China, on the other hand, can grind the American economy to a halt by simply starving it of key capital goods exports. This would cause immense damage in the short-term, in the form of shortages and inflation. But it would also cause enormous damage in the long-term because it would produce rot in America’s industry as repairs, replacements and maintanence are deferred due to lack of spare parts.
Finally, there is the question of debt. The American debt and currency reserves that China holds are their economic nuclear weapon. China currently holds around $980bn worth of Treasuries and, although the exact figure is not known, probably around $3.5trn worth of US dollar currency reserves. The daily turnover in the global market for US dollars is around $6trn. If China went all in, liquidated their Treasuries and dumped their reserves, there would be an overnight increase in the number of US dollars available for purchase on the global market of around 40%. Such a dramatic increase would almost certainly crash the dollar and America could well spiral into a hyperinflationary collapse.
Unipolarity Corrupts Uniformly
Much of the problem with American policy is that it rests on an implicit assumption that America is so powerful that it can act unilaterally wherever it wants without incurring any consequences. This may have been true in the mid-90s. But it is absurd to believe that this is the case today.
DC policymakers are no doubt frustrated with what they see — correctly — as the emergence of a more multipolar world in recent years. This process has sped up immeasurably in the wake of the Russian invasion of Ukraine. It appears that they now want to take action to rebalance the global order in their favour.
Some of us have been sounding the alarm on this for years. Yet those of us who have actually thought this through realise that America cannot simply dictate its way out of these problems. Bully tactics will only speed up America’s economic and strategic decline. Market traders will tell you to never bet against the trend. This is true also of major geopolitical shifts.
In the wake of America’s chip sanctions on China we are already seeing this play out. A few days after the sanctions, German Chancellor Olaf Scholz stated that decoupling from China was “the wrong answer” and announced an upcoming trip to Beijing. Dutch chipmaker ASML has long warned that sanctions on chipmakers are not viable, as has Japanese chipmaker Tokyo Electron. Recent reports suggest that Washington failed to convince their allies to take part in the sanctions and had to proceed unilaterally.
American leaders appear to think that key parts of the world economy should come to a standstill to ensure that the United States will maintain a technological edge for a few more years. This is bizarre coming from a country who has built its influence and prestige through global commerce. It appears to rest on the assumption that global commerce can stopped in order to freeze geopolitical relations and hold them in place as they currently exist. This is reminiscent of King Canute trying to control the tides.

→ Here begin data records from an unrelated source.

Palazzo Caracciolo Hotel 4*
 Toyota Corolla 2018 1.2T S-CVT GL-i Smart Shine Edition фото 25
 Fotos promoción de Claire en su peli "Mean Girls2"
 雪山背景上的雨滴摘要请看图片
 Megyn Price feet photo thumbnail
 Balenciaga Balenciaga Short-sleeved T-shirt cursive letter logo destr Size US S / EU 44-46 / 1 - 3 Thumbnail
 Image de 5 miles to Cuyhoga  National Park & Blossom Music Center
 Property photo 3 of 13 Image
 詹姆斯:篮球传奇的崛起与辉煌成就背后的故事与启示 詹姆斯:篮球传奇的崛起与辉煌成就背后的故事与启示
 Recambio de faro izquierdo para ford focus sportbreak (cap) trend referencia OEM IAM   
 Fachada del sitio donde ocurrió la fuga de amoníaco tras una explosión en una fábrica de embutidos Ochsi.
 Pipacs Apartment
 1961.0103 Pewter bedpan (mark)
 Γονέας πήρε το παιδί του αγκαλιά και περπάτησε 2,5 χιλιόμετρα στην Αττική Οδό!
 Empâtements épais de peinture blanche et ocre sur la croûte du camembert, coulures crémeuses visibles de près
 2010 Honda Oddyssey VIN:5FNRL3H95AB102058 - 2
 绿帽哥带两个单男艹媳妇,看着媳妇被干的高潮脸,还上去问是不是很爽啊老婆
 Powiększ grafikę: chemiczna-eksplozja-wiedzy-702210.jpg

If America wants to better deal with the emerging multipolar world it must use strategies different to those that worked in that brief phase, from the end of the Cold War until recently, when they sat on high as the reigning unipolar power. If American policymakers continue to pretend that this old world order still exists and act accordingly, they will only speed up the decline of their country. At a certain point — and it may not be too far off — the country will fall into terminal decline and there will be no coming back.